Bartosz, who graduated with a Masters in Fine Art this summer, beat off competition from hundreds of entries to win the £1,000 prize with a portrait of the Indian leader Ghandi painted from memory.

He said that winning the prize was both “exhausting and exciting”.

“The painting is not really a direct representation of Gandhi; I was more interested in the idea of a portrait from memory and finding the concepts behind the painting,” he said. “So colour is the most important thing.”

Inspired by industry

Bartosz, who was also shortlisted for the Saatchi New Sensations prize is currently spending six months studying at the Academy of Arts in Dresden, after receiving a scholarship. But he says it was his time spent at the Manchester School of Art which allowed his creative talents to blossom.

“When I came to Manchester I began to love the city because of the industrial feeling of the landscape and the people, who are very focussed on industry, but at the same time the city has an artistic life – it is a very different experience to Dresden,” he said.
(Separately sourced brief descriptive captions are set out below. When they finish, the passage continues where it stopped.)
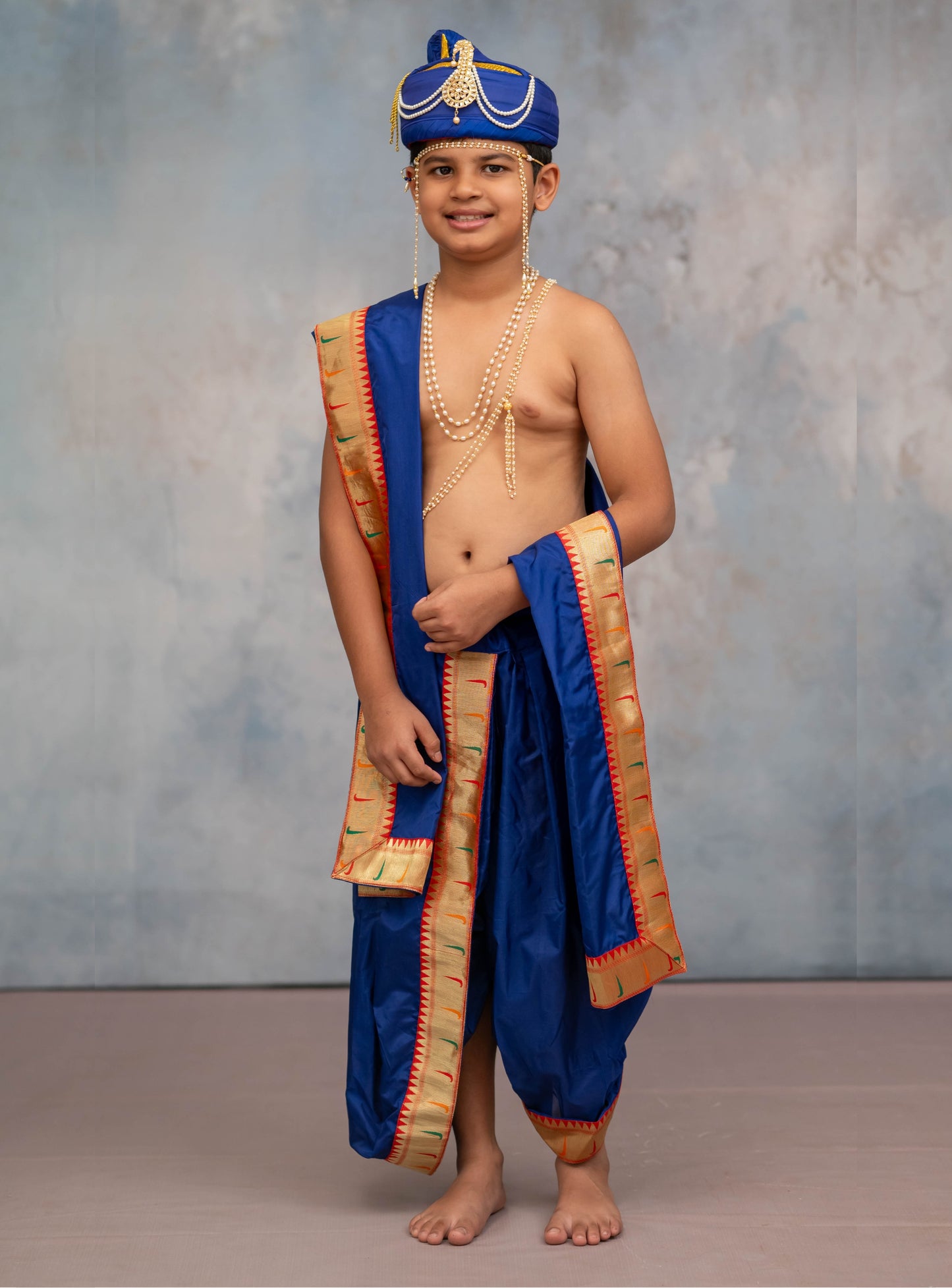 Royal Blue Mysore silk sovale uparane set with Muniya Paithani border for Batu.Pre-stitched sovale uparane set includes Ready to wear Sovale & Uparane/Upavastra.Can be paired with a short kurta.This Set is ideal for rituals like Matrubhojan,Muhurt during Munj/Upanayan/Vratabandha/Thread Ceremony.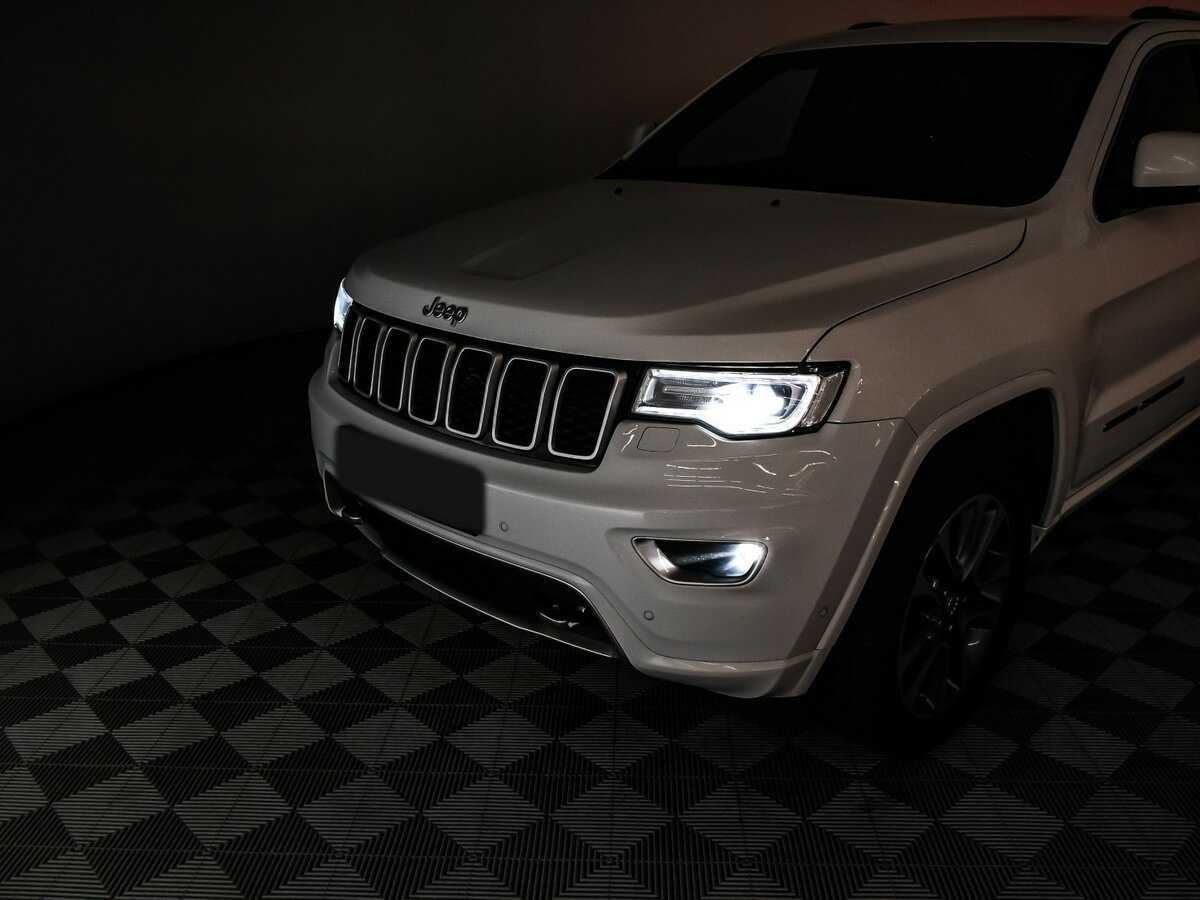Jeep Grand Cherokee с пробегом — 2017 год. Фото: #18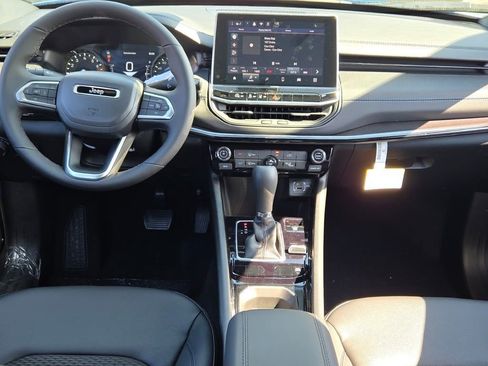 New 2026 Jeep Compass Latitude image 17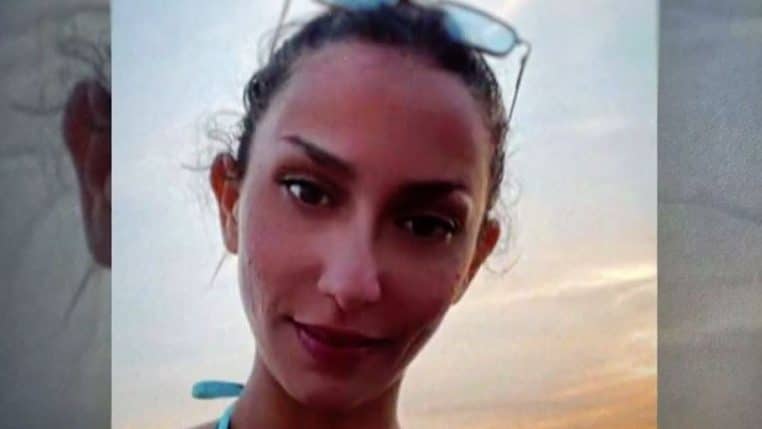 Pourquoi ces inscriptions sous les pieds de Lola ?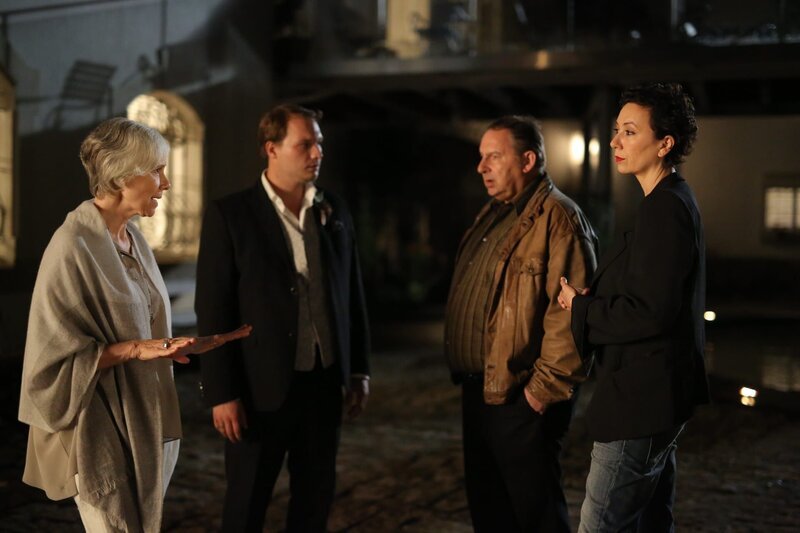 From the second person on the left: Mike Taschner (Manuel Sefciuc), Harald Franitschek (Wolf Bachofner), Angelika Schnell (Ursula Strauss). – Bild: ORF/​MR Film/​Petro Domenigg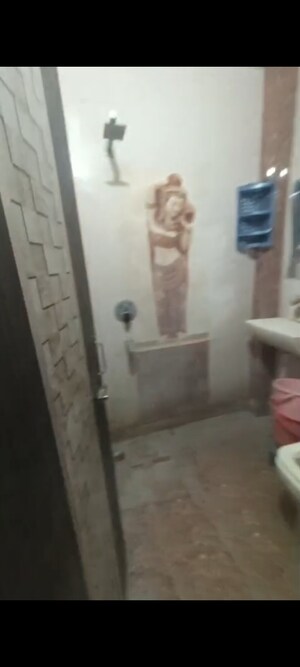 Bathroom in 1 BHK Builder Floor at Kanha Apartments Indirapuram, Shakti Khand 2 – for Rent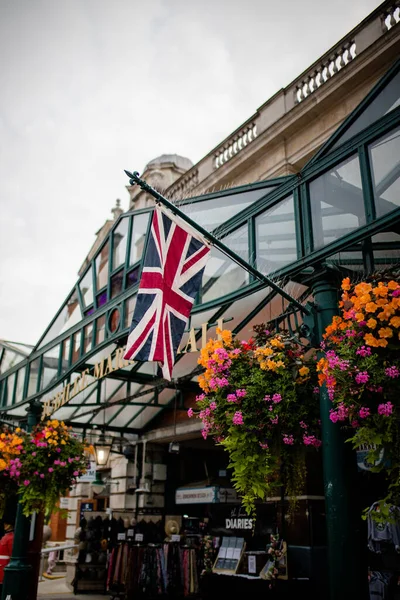 O Jubilee Market Hall com uma bandeira britânica ao lado — Fotografia de Stock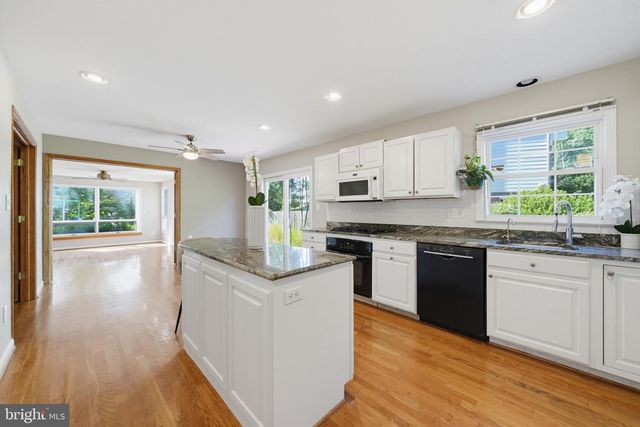 16818 BRIARDALE RD, Rockville, MD 20855
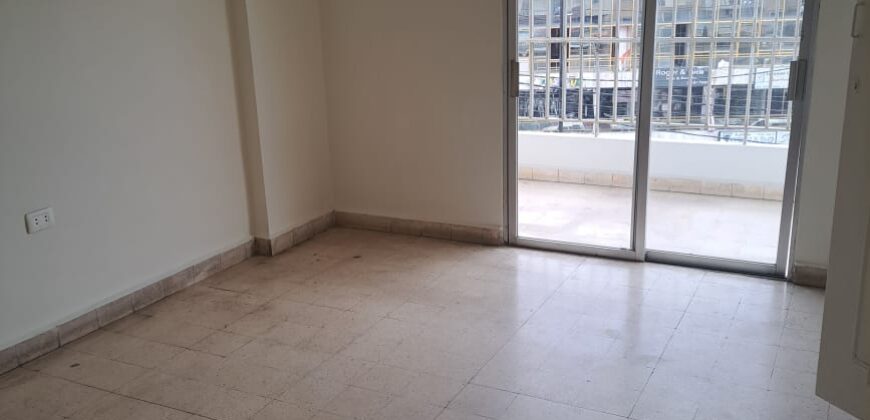 For Sale: Apartment in Dekweneh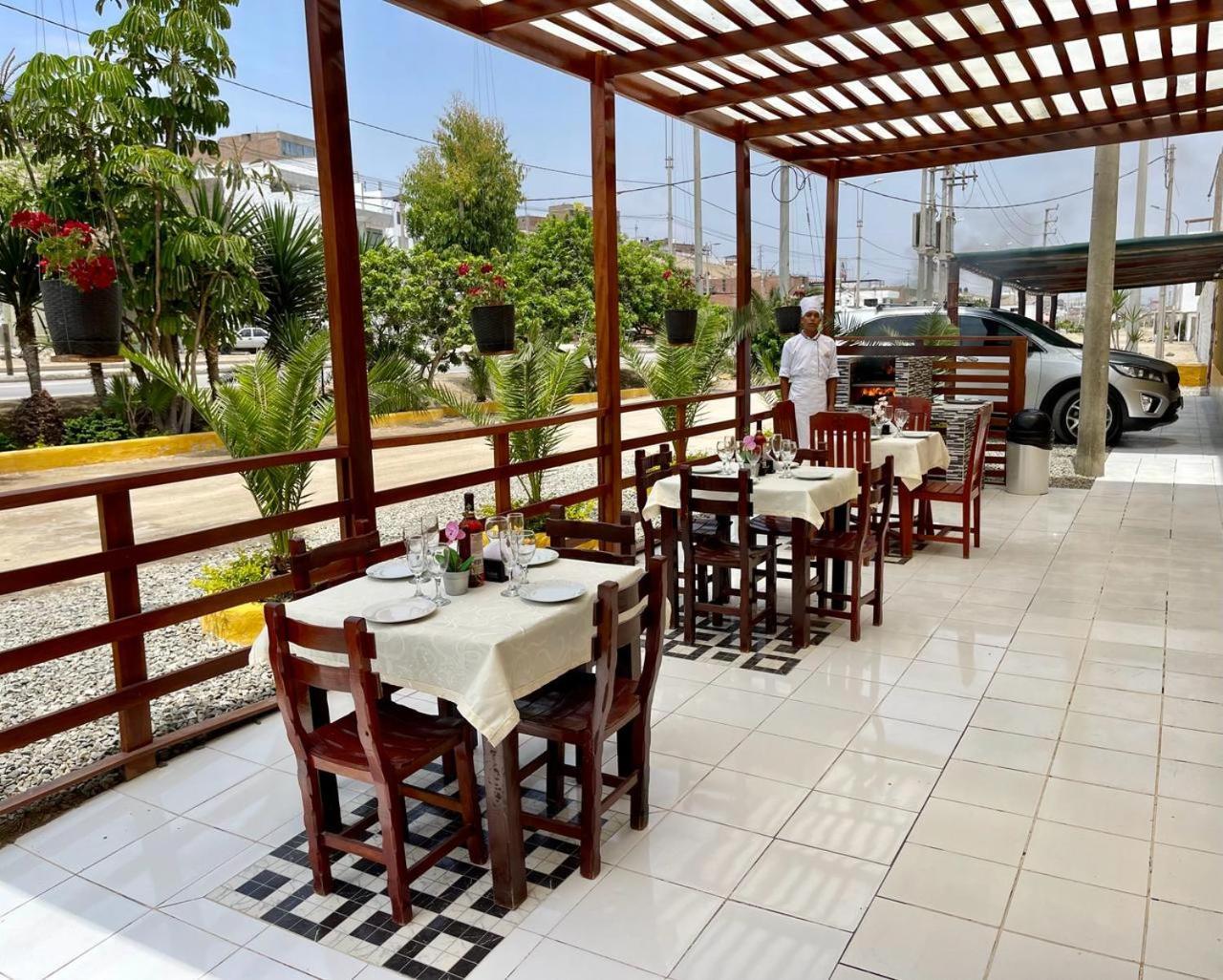 Hostal Ocean Pacifico Пунта Негра Екстериор снимка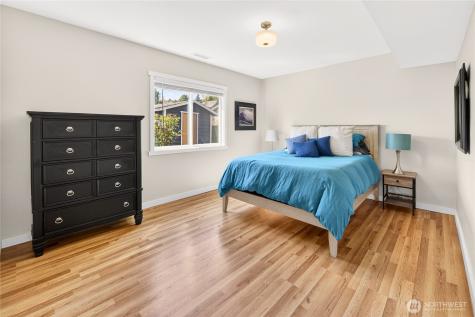 7827 S 114th Street Seattle WA 98178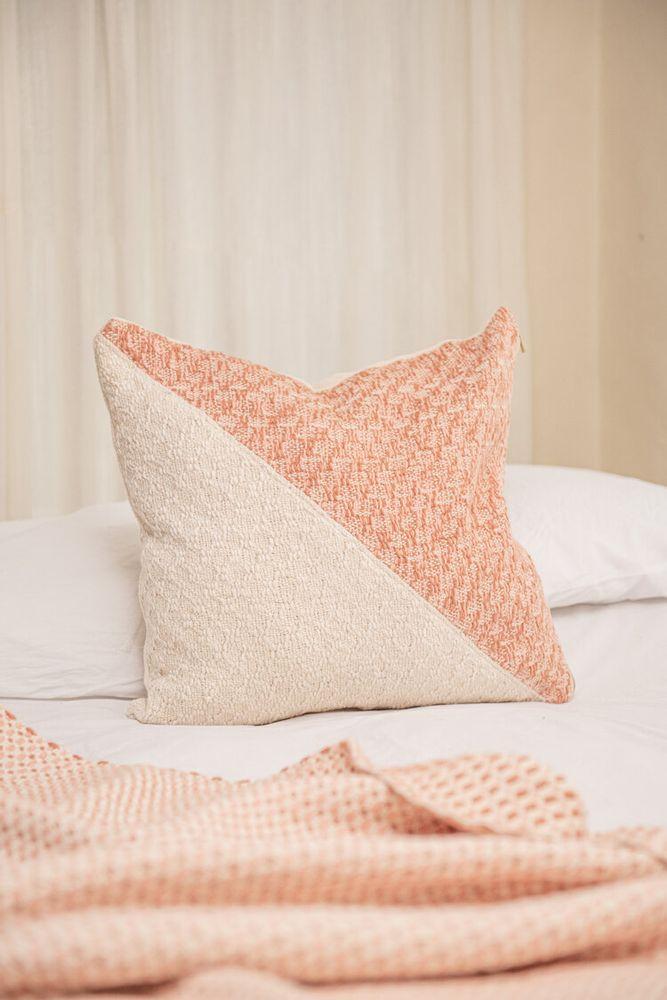 Diagonal Basic Guayaba Pink + Cream Pillowcategory_Décor from Zuahaza - SHOPELEOS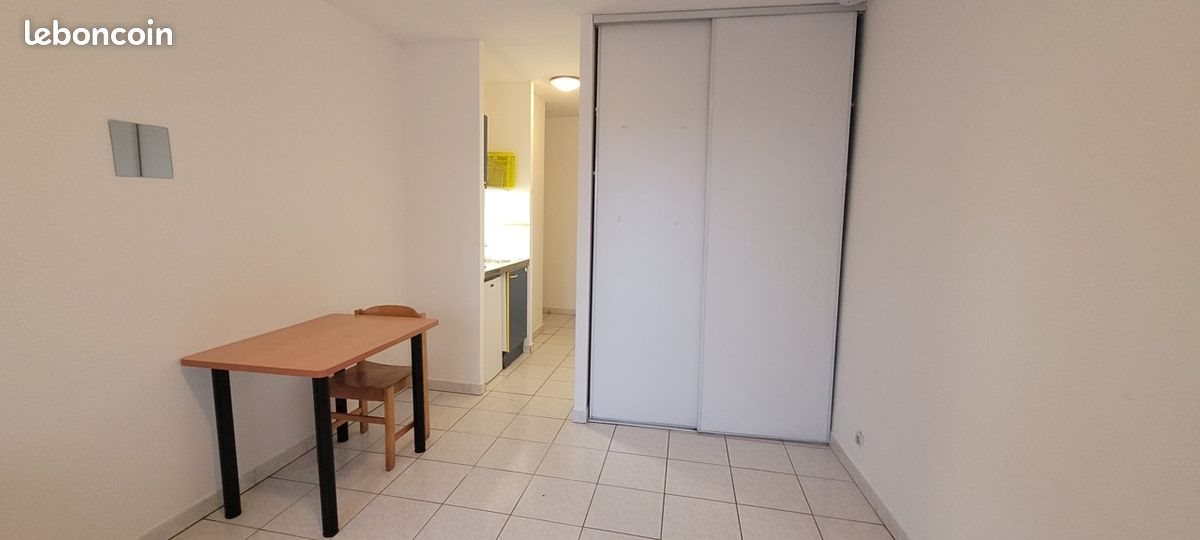 Appartement à louer, 20m², Nîmes
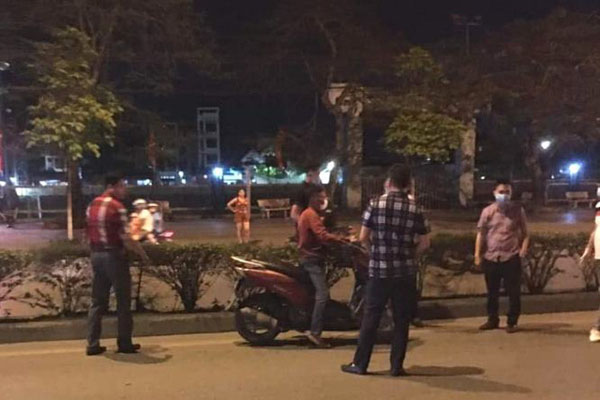 Xe đầu kéo mất lái đâm vào thành hầm Hải Vân, khoảnh khắc xảy ra sự cố khiến nhiều người bàng hoàng-2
Now 28, Bartosz says he was just seven years old when he told his mum he wanted to be an artist when he grew up. Six years ago he started to concentrate on painting, and particularly the ways in which this traditional medium can be made relevant.

“I would be silly to say there is no tradition – the tradition is every painter,” he says. “The problem is what we can do with it to make it more contemporary and fresh for the viewer.